Whether Galileo took the remedy we do not know, but at all events he escaped the plague.
[PLATE: THE VILLA ARCETRI. Galileo's residence, where Milton visited him.]
From Galileo's new home in Florence the telescope was again directed to the skies, and again did astounding discoveries reward the atronomer's labours. The great success which he had met with in studying Jupiter naturally led Galileo to look at Saturn. Here he saw a spectacle which was sufficiently amazing, though he failed to interpret it accurately. It was quite manifest that Saturn did not exhibit a simple circular disc like Jupiter, or like Mars. It seemed to Galileo as if the planet consisted of three bodies, a large globe in the centre, and a smaller one on each side. The enigmatical nature of the discovery led Galileo to announce it in an enigmatical manner. He published a string of letters which, when duly transposed, made up a sentence which affirmed that the planet Saturn was threefold. Of course we now know that this remarkable appearance of the planet was due to the two projecting portions of the ring. With the feeble power of Galileo's telescope, these seemed merely like small globes or appendages to the large central body.

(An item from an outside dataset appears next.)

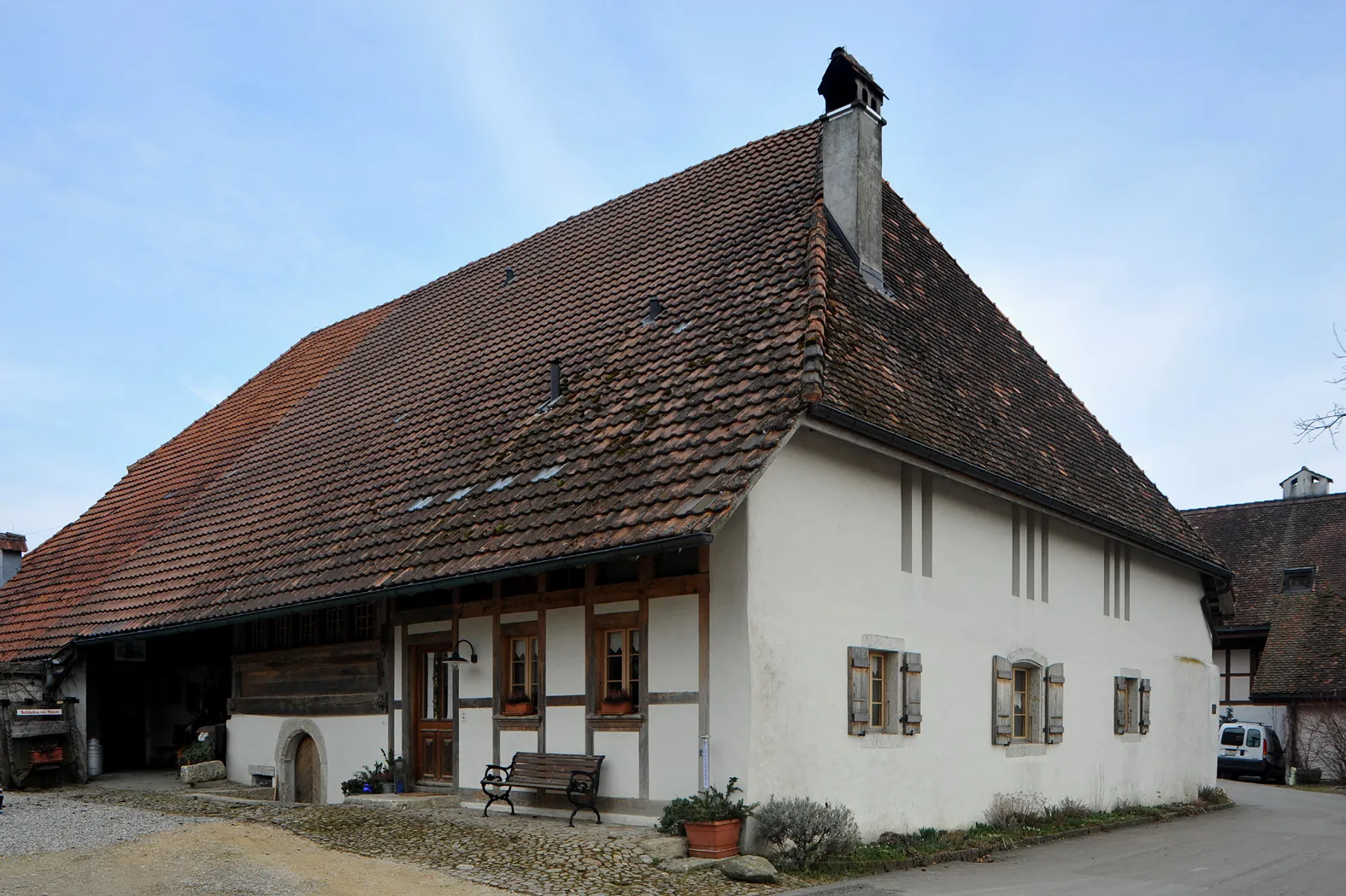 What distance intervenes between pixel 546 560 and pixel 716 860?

The last Of Galileo's great astronomical discoveries related to the libration of the moon. I think that the detection of this phenomenon shows his acuteness of observation more remarkably than does any one of his other achievements with the telescope. It is well known that the moon constantly keeps the same face turned towards the earth. When, however, careful measurements have been made with regard to the spots and marks on the lunar surface, it is found that there is a slight periodic variation which permits us to see now a little to the east or to the west, now a little to the north or to the south of the average lunar disc.

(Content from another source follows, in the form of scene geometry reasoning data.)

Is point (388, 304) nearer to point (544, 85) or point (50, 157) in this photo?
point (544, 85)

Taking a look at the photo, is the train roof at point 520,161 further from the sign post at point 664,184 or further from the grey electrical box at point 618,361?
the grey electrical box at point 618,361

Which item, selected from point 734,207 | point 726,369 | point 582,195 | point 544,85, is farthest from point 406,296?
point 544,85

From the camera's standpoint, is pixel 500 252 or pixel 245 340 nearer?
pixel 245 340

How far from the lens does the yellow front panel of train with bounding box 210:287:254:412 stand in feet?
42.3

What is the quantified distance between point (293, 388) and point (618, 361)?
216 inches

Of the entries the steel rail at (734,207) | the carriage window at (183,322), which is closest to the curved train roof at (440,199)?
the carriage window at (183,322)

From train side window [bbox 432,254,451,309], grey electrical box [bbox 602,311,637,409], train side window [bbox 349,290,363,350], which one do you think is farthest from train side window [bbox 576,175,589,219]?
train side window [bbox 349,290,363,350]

But the circumstances which make the career of Galileo so especially interesting from the biographer's point of view, are hardly so much the triumphs that he won as the sufferings that he endured. The sufferings and the triumphs were, however, closely connected, and it is fitting that we should give due consideration to what was perhaps the greatest drama in the history of science.

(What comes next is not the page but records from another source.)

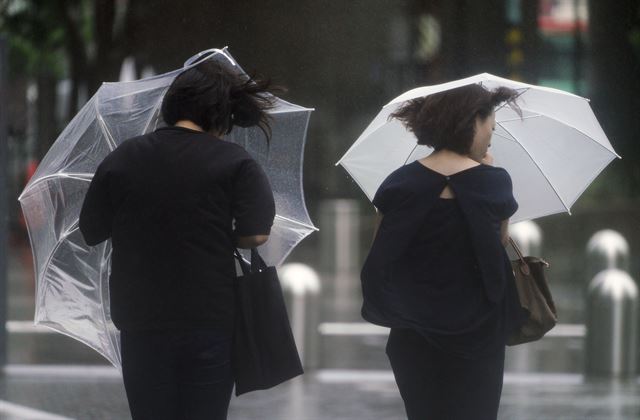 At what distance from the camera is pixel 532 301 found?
4184 mm

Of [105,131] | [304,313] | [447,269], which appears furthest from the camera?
[304,313]

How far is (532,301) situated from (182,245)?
1160mm

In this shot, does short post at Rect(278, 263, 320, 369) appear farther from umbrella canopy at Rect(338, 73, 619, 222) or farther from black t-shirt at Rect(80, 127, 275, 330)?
black t-shirt at Rect(80, 127, 275, 330)

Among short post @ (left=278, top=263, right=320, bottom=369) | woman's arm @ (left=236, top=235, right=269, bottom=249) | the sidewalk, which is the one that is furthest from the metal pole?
woman's arm @ (left=236, top=235, right=269, bottom=249)

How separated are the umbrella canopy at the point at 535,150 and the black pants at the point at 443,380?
0.75 metres

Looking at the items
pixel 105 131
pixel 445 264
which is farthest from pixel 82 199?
pixel 445 264

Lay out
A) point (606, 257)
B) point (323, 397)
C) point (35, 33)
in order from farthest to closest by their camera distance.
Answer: point (35, 33), point (606, 257), point (323, 397)

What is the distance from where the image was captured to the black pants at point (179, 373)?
151 inches

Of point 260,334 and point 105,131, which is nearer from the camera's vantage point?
point 260,334

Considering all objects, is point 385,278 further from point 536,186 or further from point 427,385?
point 536,186

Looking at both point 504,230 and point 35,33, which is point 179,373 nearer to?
point 504,230

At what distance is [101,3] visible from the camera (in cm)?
1196

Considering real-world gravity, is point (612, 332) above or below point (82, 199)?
below

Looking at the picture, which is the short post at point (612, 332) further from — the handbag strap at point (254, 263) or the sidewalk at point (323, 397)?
the handbag strap at point (254, 263) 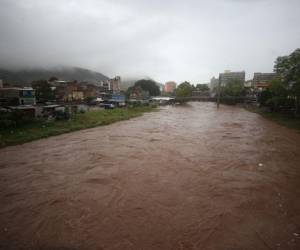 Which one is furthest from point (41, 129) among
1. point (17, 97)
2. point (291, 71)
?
point (291, 71)

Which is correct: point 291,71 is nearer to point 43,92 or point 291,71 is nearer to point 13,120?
point 13,120

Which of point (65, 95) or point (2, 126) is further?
point (65, 95)

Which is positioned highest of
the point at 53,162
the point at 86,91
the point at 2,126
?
the point at 86,91

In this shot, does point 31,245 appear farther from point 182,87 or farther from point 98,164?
point 182,87

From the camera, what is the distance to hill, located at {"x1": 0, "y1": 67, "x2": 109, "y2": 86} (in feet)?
378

On the appearance of the immortal work of Copernicus, in which it was taught that the earth rotated on its axis, and that the earth, like the other planets, revolved round the sun, orthodoxy stood aghast. The Holy Roman Church submitted this treatise, which bore the name "De Revolutionibus Orbium Coelestium," to the Congregation of the Index. After due examination it was condemned as heretical in 1615. Galileo was suspected, on no doubt excellent grounds, of entertaining the objectionable views of Copernicus. He was accordingly privately summoned before Cardinal Bellarmine on 26th February 1616, and duly admonished that he was on no account to teach or to defend the obnoxious doctrines. Galileo was much distressed by this intimation. He felt it a serious matter to be deprived of the privilege of discoursing with his friends about the Copernican system, and of instructing his disciples in the principles of the great theory of whose truth he was perfectly convinced. It pained him, however, still more to think, devout Catholic as he was, that such suspicions of his fervent allegiance to his Church should ever have existed, as were implied by the words and monitions of Cardinal Bellarmine.
In 1616, Galileo had an interview with Pope Paul V., who received the great astronomer very graciously, and walked up and down with him in conversation for three-quarters of an hour. Galileo complained to his Holiness of the attempts made by his enemies to embarrass him with the authorities of the Church, but the Pope bade him be comforted. His Holiness had himself no doubts of Galileo's orthodoxy, and he assured him that the Congregation of the Index should give Galileo no further trouble so long as Paul V. was in the chair of St. Peter.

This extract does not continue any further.